The chapel is constructed like an upturned boat. Another layer of recollection is that of a herringbone. The loadbearing structure consists of tapering ribs made of glued-lasminated pine. Rising at two-meters intervals, they give the building a natural, organic form. Between the ribs there is a curved interior lining of ten-centimeters wide, untreated pine boarding. In the course of time, natural light will turn the tone of the timber to a reddish color. The floor boards, twenty-centimeters wide and five-centimeters thick pine planks have been nailed to the joists and run parallel to the space. The floor is waxed and makes a clicking sound like the floors of old churches when you walk inside. The vestry furniture, vestibule benches and hat rack are made of solid, edge-laminated common alder.Since the client was a union of several different churches - Lutheran, Catholic and Orthodox,the symbolic fish form serves to unite all the various churches involved in the chapel while the interior has powerful references to the Bible tale of Jonah in the whale’s belly. Even the exterior of the chapel covered with glimmering copper plates applied in a pattern suggesting fish scales are supporting the overall impression of that creature.

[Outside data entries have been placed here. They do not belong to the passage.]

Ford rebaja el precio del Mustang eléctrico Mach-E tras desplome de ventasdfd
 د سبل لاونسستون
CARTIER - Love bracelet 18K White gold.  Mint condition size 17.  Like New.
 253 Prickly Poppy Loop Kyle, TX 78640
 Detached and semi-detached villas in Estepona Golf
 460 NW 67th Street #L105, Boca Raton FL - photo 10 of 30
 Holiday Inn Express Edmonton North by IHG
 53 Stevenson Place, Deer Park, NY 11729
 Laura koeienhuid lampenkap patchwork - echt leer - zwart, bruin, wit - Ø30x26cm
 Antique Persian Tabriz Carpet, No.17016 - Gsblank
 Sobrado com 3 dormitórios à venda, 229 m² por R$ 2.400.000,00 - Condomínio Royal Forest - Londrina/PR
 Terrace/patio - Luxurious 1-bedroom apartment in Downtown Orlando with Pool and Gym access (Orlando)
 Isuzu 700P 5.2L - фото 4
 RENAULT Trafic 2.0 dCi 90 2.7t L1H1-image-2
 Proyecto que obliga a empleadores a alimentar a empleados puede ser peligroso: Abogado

While the impressive fish volume appears rather compact and enclosed from the outside, the experience changes radically while entering the entrance at the western gable. A magnificent high pointed interior composed of laminated pine beams are meeting dramatically in a ridge almost ten times the height of a human. At the bottom of the mayor space the aisle is spatially separated from the nave of the church by secondaryspaces hid in two wooden boxes intersected by a rampart moving upwards. Along the sides of the rampart restrooms, an office as well as a staircase leading up to the choir balcony are hiding.
Sanaksenaho has restrained the wooden cross at the altar so it almost appears camouflaged since he didn’t want the religious symbols to be too intrusive. Instead he provided a naked interior for quiet speak in order to allow greater space for the visitors’ own reflections.The chapel's patinated altar is the last public work of academician and sculptor Kain Tapper. In the altar window is a work by artist Hannu Konola, and light filters through it onto the altar wall.